—Disculpa, pero hubo siete menciones y dos promociones por el valor demostrado en el combate —recordó Afonso.
—Sí —interrumpió Mascarenhas, cargado de ironía—. Y un oficial y tres soldados fueron castigados con prisión correccional; además, otro oficial fue amonestado. Debe de haber sido por su valentía.
Afonso se quedó callado y bebió las últimas gotas de su oporto. Se hizo un silencio embarazoso y Resende miró el reloj.
—Ya son casi las cinco de la tarde —observó el lisboeta.
Mascarenhas se puso de pie y los dos capitanes también se levantaron.
—Dentro de poco toca formación —dijo el mayor, mirando a Resende—. Aún me queda ponerlo al tanto de nuestra rutina en las trincheras y de sus funciones.
—Entonces, ¿qué voy a hacer, mi mayor? —preguntó Resende, palpándose de manera inconsciente la barriga, cuyo volumen tenía el futuro seriamente amenazado por la vida en las trincheras.

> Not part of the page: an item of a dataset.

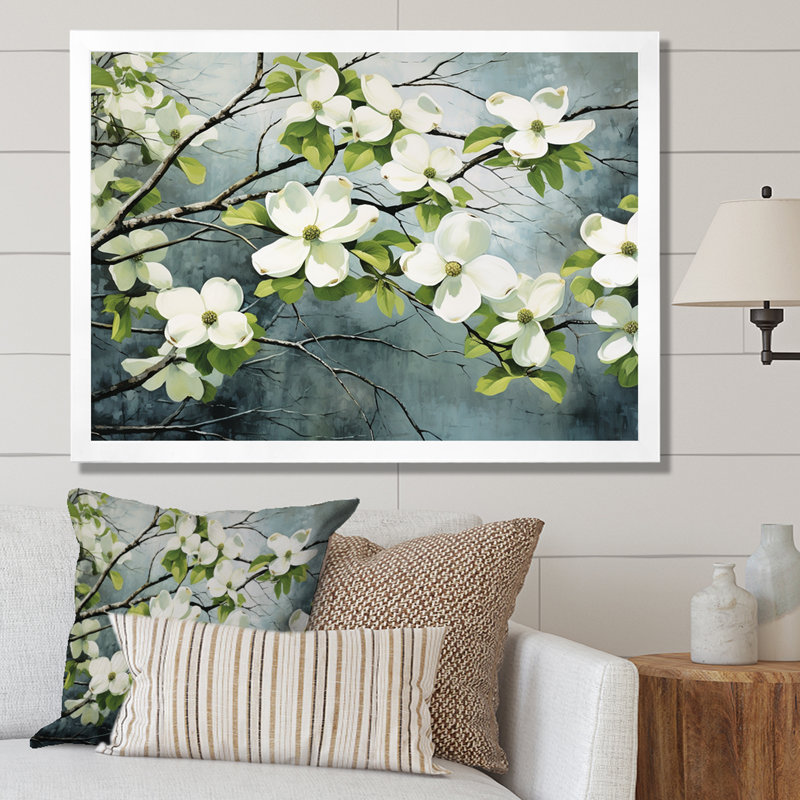 Style de cornouiller - Reproductions encadrées de cornouiller, Cadre simple blanc, H 12 po x l 20 po x P 1 po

—Por el momento, será el oficial de guardia a medianoche —indicó Mascarenhas—. Tendrá que efectuar durante dos horas la ronda de los centinelas y no podrá refugiarse en ningún momento. Contará con un sargento con la misma función, pero en sentido contrario. Hay dos formaciones generales, una al amanecer y otra al anochecer. Le corresponde también preparar los informes sobre la actividad en su sector y tendrá que asegurar que sus trincheras están transitables en cualquier momento.
—Muy bien —dijo el capitán lisboeta, previendo siete días de pesadilla y dieta forzada.
—Ahora voy a llevarlo a sus aposentos y a presentarle al personal.
—¿Aposentos?
—Es un agujero más —corrigió el mayor, que atravesó la puerta y abandonó el puesto de Afonso. Se despidió de su amigo con un gesto—. Hasta luego.
Los dos oficiales de la Infantería 13 bajaron por la trinchera, camino de Ferme du Bois, y el capitán Afonso regresó a completar su informe de las tres de la tarde. Había interrumpido la elaboración del documento para «recibir» al novato y, por ello, enviaría el informe con un gran retraso. Además, era importante no olvidar la lectura de la circular 22.753. El oficial miró el reloj de la mesa y reparó en que señalaba las cinco en punto de la tarde.
E
l equipo de artilleros tenía orden de disparar tres salvas a las cinco de la tarde. A la hora exacta, los hombres cogieron una granada de doscientas noventa libras, cargaron la Howitzer, el jefe del equipo reguló por la mirilla la elevación hasta los cuarenta y tres grados y, cuando estuvo satisfecho, retrocedió.
—¡Atención!
Los hombres se taparon los oídos.
—¡Fuego!
La Howitzer dio un violento tirón hacia atrás y vomitó una lengua de fuego por el cañón chamuscado, un trueno ensordecedor llenó el aire y la granada salió disparada hacia las líneas enemigas. El proyectil se alejó con un zumbido siniestro, el silbido fue muriendo en el cielo hasta callarse, se hizo una pausa de varios segundos, una nube silenciosa se elevó del otro lado, se prolongó la pausa. Finalmente, se oyó el lejano estampido de la detonación, eran noticias traídas por el viento que confirmaban que la granada había estallado como estaba previsto. La operación se repitió dos veces, después los artilleros, que no querían estar junto al cañón cuando llegase la respuesta, se recogieron en el refugio.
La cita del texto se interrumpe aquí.